Militants had threatened to kill Jordanian pilot Muath al-Kasaesbeh unless a would-be suicide bomber being held on death row in Amman was handed over by sunset on Thursday.
Japanese journalist Kenji Goto was also being held by the militants.
“The situation is deadlocked,” Japan’s deputy foreign minister, Yasuhide Nakayama, said in Jordon late on Friday according to Japanese public broadcaster NHK.
Foreign Minister Fumio Kishida said in Tokyo on Saturday that the situation was unpredictable and that anything could happen, NHK reported.
“Anything could happen,” he said. “We can’t predict it at all. While preparing for every situation, I want to make every effort for Mr. Goto’s release.”
Chief Cabinet Secretary Yoshihide Suga arrived at the Prime Minister Shinzo Abe’s office on Saturday afternoon, and the prime minister is on standby to receive regular updates on the situation, NHK said.
Jordan’s army said on Friday state agencies were “working round the clock”.
An audio message purportedly from Goto said the pilot would be killed if Jordan did not free Sajida al-Rishawi, jailed for her role in a 2005 suicide bomb attack that killed 60 people in Amman.
The message extended a previous deadline set on Tuesday in which Goto said he would be killed within 24 hours if al-Rishawi was not freed.
The hostage crisis comes as Islamic State, which has already released videos showing the beheadings of five Western hostages, is coming under increased military pressure from U.S.-led air strikes and by Kurdish and Iraqi troops pushing to reverse the Islamist group’s territorial gains in Iraq and Syria.
Abe has repeatedly said Japan would not give in to terrorism and would keep cooperating with the international community.
The hostage crisis erupted after Abe announced in Cairo $200 million in non-military aid for countries opposing Islamic State, but his government has rejected suggestions it acted rashly and stressed the assistance was humanitarian.
Goto went to Syria in late October. According to friends and business associates, he was attempting to secure the release of Haruna Yukawa, his friend and fellow Japanese citizen who was captured by Islamic State in August.

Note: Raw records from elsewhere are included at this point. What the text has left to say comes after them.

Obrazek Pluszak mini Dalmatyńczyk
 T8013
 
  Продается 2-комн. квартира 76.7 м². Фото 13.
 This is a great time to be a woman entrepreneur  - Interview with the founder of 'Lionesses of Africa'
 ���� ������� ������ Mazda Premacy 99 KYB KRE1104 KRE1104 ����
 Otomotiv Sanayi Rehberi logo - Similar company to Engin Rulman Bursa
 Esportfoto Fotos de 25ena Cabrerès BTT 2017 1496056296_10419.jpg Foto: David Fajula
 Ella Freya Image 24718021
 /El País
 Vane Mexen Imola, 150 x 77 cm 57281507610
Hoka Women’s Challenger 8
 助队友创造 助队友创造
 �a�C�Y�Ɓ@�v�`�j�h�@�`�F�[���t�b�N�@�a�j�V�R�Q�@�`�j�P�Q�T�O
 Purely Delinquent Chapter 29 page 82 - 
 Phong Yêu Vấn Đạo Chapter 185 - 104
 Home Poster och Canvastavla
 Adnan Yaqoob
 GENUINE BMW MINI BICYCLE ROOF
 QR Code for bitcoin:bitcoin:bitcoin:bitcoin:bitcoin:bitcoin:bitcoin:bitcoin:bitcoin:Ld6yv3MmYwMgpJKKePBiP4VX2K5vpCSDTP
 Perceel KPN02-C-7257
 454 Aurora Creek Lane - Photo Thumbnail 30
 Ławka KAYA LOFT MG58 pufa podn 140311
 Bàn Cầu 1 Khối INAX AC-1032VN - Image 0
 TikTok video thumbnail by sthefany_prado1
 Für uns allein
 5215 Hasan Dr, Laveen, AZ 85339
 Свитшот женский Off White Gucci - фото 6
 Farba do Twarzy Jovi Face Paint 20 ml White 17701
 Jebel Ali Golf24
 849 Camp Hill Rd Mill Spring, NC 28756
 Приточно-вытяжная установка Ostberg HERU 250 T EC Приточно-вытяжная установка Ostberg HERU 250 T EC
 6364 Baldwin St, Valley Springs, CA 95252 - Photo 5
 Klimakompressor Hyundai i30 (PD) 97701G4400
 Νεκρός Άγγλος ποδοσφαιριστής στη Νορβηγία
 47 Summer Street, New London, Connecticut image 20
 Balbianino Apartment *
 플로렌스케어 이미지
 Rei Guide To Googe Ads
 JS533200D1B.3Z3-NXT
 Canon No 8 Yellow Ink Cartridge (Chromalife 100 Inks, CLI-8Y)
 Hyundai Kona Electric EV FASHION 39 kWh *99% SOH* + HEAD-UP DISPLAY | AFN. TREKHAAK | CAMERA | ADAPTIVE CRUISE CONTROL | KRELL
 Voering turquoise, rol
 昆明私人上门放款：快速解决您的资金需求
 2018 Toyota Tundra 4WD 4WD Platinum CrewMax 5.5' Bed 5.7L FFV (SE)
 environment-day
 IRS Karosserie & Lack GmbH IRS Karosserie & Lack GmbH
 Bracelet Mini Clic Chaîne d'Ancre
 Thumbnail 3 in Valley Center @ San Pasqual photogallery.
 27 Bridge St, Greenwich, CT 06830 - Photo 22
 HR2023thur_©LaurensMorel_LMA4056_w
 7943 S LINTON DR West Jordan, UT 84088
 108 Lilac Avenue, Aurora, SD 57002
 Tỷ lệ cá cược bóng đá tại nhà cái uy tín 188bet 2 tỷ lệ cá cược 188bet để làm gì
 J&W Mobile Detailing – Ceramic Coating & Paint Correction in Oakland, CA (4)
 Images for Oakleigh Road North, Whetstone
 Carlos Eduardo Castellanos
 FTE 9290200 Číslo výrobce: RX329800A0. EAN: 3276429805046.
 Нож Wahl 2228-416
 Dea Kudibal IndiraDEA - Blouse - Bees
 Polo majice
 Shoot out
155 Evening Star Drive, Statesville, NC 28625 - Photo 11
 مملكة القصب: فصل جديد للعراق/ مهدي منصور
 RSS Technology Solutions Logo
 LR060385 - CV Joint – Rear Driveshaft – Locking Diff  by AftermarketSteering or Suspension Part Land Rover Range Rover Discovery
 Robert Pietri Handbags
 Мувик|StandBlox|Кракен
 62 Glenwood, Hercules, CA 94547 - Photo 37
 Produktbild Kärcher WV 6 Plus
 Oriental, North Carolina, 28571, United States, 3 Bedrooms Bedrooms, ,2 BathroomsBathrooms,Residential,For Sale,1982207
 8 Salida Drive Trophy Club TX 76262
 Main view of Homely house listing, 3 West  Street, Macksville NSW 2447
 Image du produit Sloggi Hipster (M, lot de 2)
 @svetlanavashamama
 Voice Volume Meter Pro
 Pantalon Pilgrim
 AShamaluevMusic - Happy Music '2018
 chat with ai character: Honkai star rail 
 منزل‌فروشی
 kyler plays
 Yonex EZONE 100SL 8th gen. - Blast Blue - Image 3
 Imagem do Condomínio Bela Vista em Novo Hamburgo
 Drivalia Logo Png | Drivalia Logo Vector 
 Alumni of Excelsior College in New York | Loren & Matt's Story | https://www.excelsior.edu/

In the first video purportedly of Goto, released just over a week ago, a black-clad masked figure with a knife said Goto and Yukawa would be killed within 72 hours if Japan did not pay Islamic State $200 million.
A video last Saturday appeared to show Goto with a picture of a decapitated Yukawa, saying his captors’ demands had switched to the release of al-Rishawi. Tuesday’s video featured an audio track over a still picture that appeared to show Goto holding a picture of Kasaesbeh.